Mama menatapku sambil tersenyum, "Mama sakit hati karena menantu yang sudah Mama anggap sebagai putri sendiri harus dikotori oleh orang tidak bertanggung jawab. Mama seorang wanita, Mama juga bisa merasakan sakit yang kamu rasakan, Fiona.

"Mama tahu jika kamu tidak benar-benar menginginkan kesalahan ini. Mama bercerita dengan Papa soal ini, Papa juga terkejut mendengarnya. Makanya, Papa akan membantumu menemukan pria yang tidak bertanggung jawab itu," tuturnya membuatku menjatuhkan air mata kembali.

Aku bingung harus bagaimana meresponnya. Dinding yang kubuat untuk mengokohkan hatiku kini telah hancur.

"Ba–bagaimana mungkin Mama bisa seperti ini? Semua orang selalu menyalahkanku, bahkan Mas Freza pun tidak mau mendengarkan ceritaku.

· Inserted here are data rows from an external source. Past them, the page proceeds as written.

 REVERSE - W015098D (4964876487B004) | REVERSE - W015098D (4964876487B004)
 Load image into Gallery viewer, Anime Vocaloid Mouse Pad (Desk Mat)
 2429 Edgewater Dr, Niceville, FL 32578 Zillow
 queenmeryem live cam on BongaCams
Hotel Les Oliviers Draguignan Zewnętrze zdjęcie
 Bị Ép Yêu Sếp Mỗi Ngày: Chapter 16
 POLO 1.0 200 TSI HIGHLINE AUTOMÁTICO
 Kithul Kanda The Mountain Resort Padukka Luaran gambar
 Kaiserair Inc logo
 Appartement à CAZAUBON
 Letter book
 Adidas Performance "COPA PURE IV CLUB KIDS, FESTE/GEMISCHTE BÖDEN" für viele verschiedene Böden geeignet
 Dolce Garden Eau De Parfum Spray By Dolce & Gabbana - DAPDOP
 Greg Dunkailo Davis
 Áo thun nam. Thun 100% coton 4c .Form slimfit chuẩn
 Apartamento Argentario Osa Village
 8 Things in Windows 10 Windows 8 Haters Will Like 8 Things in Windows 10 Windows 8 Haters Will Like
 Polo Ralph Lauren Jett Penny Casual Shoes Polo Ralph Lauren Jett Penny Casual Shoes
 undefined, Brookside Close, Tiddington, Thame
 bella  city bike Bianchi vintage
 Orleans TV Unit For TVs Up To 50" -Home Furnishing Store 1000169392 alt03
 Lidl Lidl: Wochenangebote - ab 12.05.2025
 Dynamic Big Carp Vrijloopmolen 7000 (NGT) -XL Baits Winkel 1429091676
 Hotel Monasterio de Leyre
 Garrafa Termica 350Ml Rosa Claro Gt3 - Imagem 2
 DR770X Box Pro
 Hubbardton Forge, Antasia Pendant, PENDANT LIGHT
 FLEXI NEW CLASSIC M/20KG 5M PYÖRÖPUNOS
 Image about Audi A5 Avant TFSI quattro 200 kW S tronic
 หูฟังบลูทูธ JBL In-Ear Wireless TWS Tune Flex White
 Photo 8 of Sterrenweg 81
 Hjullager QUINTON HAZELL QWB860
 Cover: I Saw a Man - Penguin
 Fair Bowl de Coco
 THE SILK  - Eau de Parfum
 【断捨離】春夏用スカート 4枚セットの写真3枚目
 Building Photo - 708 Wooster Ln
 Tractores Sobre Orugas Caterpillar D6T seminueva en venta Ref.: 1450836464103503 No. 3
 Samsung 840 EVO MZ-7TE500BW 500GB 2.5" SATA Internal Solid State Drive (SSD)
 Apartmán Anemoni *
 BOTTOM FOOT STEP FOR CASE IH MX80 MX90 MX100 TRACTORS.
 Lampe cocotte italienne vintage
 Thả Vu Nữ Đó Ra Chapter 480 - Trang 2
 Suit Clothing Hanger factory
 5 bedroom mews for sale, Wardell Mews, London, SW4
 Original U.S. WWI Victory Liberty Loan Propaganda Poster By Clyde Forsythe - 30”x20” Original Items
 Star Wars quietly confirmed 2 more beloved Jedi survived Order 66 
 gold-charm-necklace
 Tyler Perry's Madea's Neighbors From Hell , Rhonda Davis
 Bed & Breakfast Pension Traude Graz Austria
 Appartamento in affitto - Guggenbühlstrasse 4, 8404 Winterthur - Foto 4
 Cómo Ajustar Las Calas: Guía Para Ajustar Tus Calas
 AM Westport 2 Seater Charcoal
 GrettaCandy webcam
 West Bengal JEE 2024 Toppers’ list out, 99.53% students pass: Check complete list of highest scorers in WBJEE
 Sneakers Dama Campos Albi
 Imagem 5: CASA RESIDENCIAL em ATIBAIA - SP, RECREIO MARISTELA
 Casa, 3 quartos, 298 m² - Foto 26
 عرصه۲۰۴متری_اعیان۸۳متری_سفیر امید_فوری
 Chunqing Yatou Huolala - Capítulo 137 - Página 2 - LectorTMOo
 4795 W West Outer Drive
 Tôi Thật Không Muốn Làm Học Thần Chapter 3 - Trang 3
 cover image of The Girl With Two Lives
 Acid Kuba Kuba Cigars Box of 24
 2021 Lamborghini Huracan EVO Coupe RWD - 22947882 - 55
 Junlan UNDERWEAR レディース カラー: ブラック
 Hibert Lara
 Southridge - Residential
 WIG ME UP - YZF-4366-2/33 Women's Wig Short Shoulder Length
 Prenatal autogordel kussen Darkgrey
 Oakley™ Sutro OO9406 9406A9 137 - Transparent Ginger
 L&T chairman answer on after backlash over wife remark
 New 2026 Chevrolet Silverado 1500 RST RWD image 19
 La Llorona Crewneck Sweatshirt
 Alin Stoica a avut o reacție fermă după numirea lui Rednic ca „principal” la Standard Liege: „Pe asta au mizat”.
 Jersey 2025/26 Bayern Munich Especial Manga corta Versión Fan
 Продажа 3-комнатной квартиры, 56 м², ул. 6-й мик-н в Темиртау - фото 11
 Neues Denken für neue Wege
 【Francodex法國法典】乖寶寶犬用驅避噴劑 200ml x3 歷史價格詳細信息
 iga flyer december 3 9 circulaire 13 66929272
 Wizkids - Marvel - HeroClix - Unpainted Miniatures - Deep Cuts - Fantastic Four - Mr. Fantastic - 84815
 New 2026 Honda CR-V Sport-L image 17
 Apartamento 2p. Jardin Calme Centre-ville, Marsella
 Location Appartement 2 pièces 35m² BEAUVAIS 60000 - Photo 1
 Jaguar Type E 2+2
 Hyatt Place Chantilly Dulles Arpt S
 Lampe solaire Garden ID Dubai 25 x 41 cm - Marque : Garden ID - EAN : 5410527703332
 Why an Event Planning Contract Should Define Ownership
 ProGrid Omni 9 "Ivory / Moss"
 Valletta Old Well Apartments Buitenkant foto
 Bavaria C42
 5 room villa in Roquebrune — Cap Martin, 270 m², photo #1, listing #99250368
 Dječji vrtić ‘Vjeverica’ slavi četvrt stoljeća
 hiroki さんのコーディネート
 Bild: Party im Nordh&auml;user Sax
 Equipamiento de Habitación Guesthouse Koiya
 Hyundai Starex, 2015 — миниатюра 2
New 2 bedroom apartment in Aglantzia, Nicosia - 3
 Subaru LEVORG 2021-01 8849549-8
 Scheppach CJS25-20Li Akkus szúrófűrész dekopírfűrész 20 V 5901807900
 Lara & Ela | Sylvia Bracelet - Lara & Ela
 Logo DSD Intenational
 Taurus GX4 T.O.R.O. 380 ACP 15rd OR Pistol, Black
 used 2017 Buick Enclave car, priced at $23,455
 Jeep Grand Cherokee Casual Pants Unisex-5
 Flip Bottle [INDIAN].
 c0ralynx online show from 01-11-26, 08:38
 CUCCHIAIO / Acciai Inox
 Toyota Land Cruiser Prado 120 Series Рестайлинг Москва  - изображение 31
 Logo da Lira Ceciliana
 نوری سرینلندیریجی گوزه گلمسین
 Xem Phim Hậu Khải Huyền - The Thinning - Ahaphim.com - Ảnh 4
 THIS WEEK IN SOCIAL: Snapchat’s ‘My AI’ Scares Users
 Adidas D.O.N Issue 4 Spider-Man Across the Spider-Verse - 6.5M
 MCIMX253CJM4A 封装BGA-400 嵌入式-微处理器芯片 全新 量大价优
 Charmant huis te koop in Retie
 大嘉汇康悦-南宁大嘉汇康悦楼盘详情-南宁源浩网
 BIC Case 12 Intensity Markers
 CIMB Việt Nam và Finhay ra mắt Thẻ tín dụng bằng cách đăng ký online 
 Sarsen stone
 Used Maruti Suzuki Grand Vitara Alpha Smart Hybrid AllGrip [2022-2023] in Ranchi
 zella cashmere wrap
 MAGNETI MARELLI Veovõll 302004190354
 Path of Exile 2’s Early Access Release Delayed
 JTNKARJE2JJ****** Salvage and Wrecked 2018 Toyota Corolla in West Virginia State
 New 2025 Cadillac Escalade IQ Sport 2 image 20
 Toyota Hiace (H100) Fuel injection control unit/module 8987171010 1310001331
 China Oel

Bagaimana bisa Mama mengerti situasiku begitu cepat?" tanyaku dengan mengusap kedua mataku yang perlahan menangis kembali.

"Sayang, Mama tahu kamu bagaimana. Mama sudah mengenalmu sejak kamu masih kuliah, Mama sudah tahu watakmu makanya Mama tidak akan pernah berpikir itu kesalahanmu. Hanya kamu yang bisa menikah dengan Freza—anakku," balasnya membuatku terisak menangis.

Aku tidak percaya dengan apa yang kudengar sejauh ini. Aku begitu takut jika Mama akan acuh padaku seperti yang dilakukan Freza.

Akan tetapi, ternyata malah sebaliknya. Aku senang sekaligus terharu, apakah memang benar aku pantas bahagia sekarang?

"Tapi mengapa, Ma? Mama gak pernah bilang sama Fiona. Fiona takut jika sikap Mama akan sama dengan Mas Freza. Mama akan acuh dan menyalahkanku," ucapku.

"Aku takut, Ma. Jika Mama acuh padaku, sepertinya aku akan bunuh diri. Tiada yang bisa aku percayai di sini," tambahku langsung mendapat pelukan hangat dari Mama.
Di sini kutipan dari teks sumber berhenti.